White Sox No. 7 prospect goes yard for second night in a row
April 5, 2014

High-leverage situations were not kind to Class A Advanced Winston-Salem on Saturday night. Courtney Hawkins made sure it would not haunt his team.

The White Sox No. 7 prospect homered for the second night in a row and drove in the go-ahead run with a sacrifice fly as the Dash edged Wilmington, 3-2, at BB&T Ballpark.

After finishing his rookie season in the Carolina League, Hawkins returned to Winston-Salem last year but struggled. He hit .178, struck out 160 times in 103 games and missed a month with a strained left shoulder. This spring, the 2012 first-round Draft pick is ready to take a more mature and measured approach to his game.

"What I've learned wasn't just from Winston," Hawkins said. "Just for my career in general and baseball in general, what I did last year is going to help me, as far as me learning. It helps me through every day."

Hawkins erased a 1-0 deficit for the Dash in the fifth inning with his second homer of the season, a two-run blast off Royals No. 12 prospect Christian Binford.

After the Blue Rocks tied it in the seventh, Hawkins came to the plate an inning later with Tim Anderson at third. He lofted a sacrifice fly to the opposite field that proved decisive and came after Winston-Salem went 0-for-7 with runners in scoring position.

"This year, I'm really trying to finally start to understand the situation and situational baseball," Hawkins said. "I have a runner at third, bottom eight, and you know you have to get that run in and do your job. It was either hit behind him or get the ball in the air so he has something to tag on. It was a good pitch to do it with."
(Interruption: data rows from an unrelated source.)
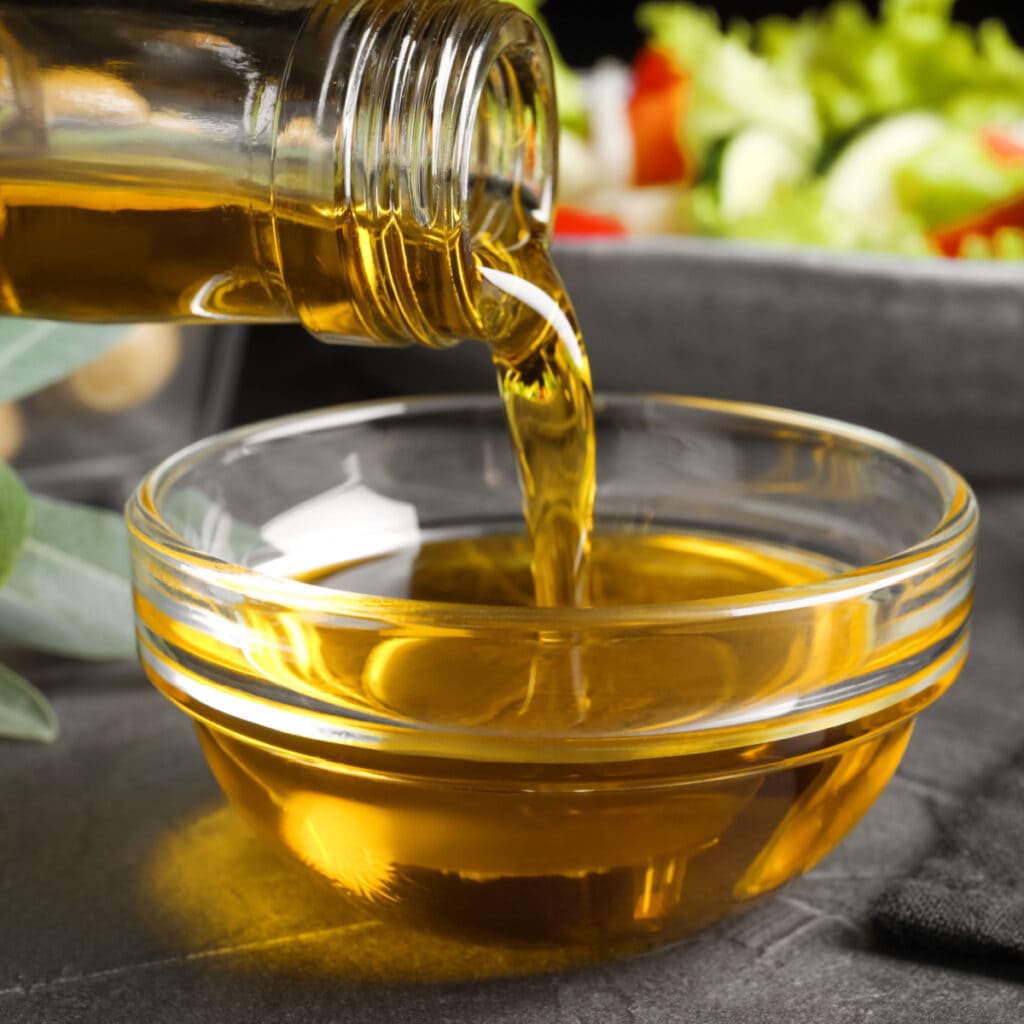 Pouring Vegetable Oil in a Clear Bowl 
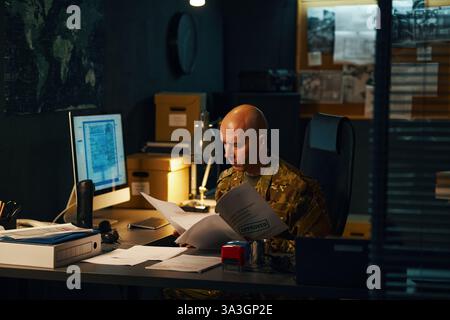 Analyzing Classified Documents in Military Office Stock Photo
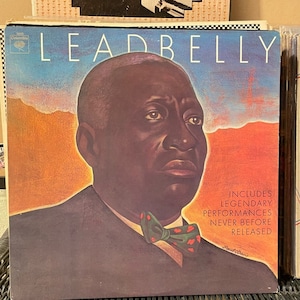 May include: Vintage vinyl record album cover featuring a portrait of Leadbelly. The cover has a blue and orange background with the name "LEADBELLY" in large white letters. The album includes legendary performances never before released.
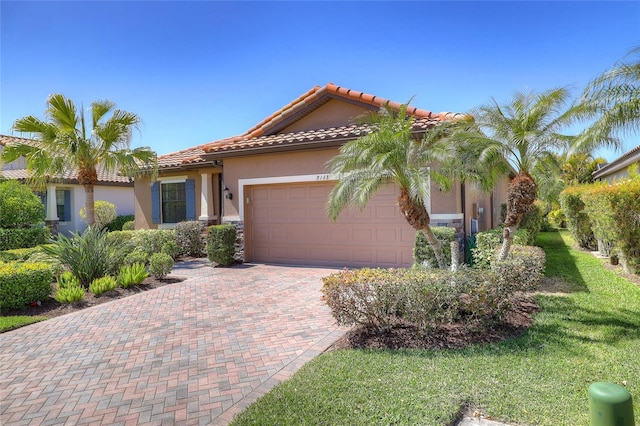 mediterranean / spanish house featuring a garage, decorative driveway, stucco siding, and a tile roof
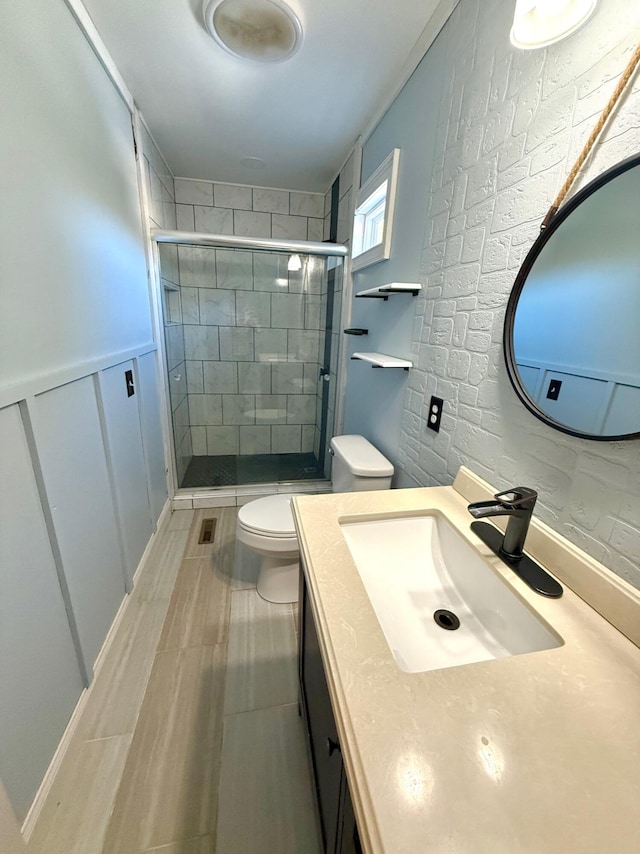 bathroom with walk in shower, vanity, and toilet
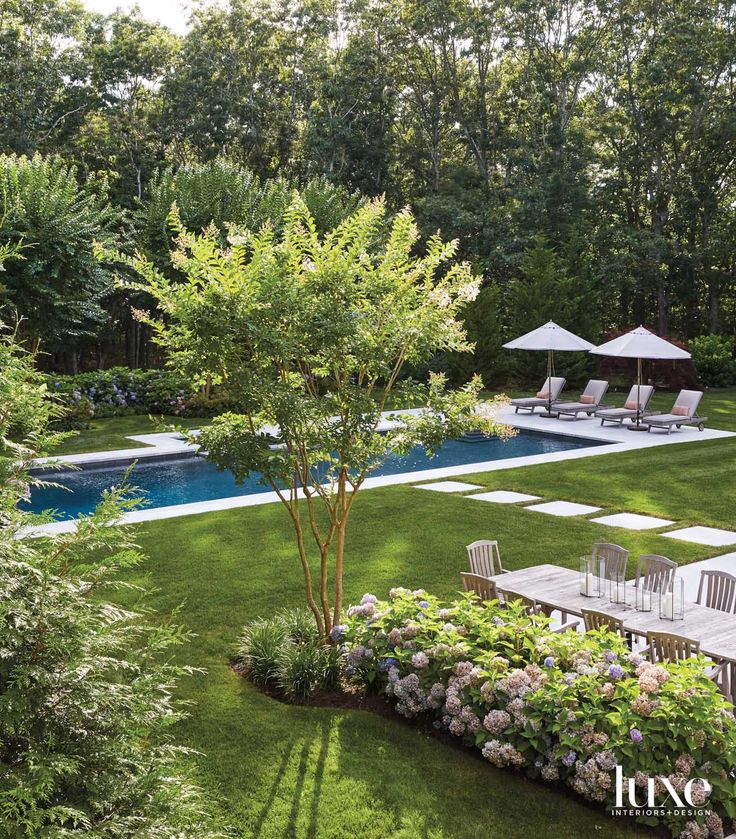 an aerial view of a backyard with lawn, pool and patio furniture in the foreground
The two-RBI performance continued a strong start to the season for Hawkins, who's batting .400 with two homers and five RBIs in three games.

"It feels good, but at the same time, I've been taking stuff absolutely day by day," he said. "When that game's over, I come back and do it again. When that at-bat's over, I come back and have another at-bat. When that pitch is over, I have another pitch. When that play is over, I come back and get ready for the next play.

"I don't try to let the days before drag on and either be down or hyped up because when you come back the next day, you've still got another battle with a new pitcher. It's not going up there like it was before and just, 'Let me be the hero' or 'Let me try to pull the ball as far as I can' or something like that. Just put the bat on the ball and do your job."

Anderson -- the White Sox third-ranked prospect -- singled, doubled and tripled ahead of Hawkins in the lineup to raise his average to .364.

Starter Tony Bucciferro set the tone for Winston-Salem's strong night on the mound by limiting the Blue Rocks to an unearned run on six hits over six innings. Bryan Blough yielded an unearned run in the seventh and Jarrett Casey (1-0) struck out four over the final two frames to pick up the victory.

Both runs Binford allowed were unearned as he scattered six hits and struck out six over five innings.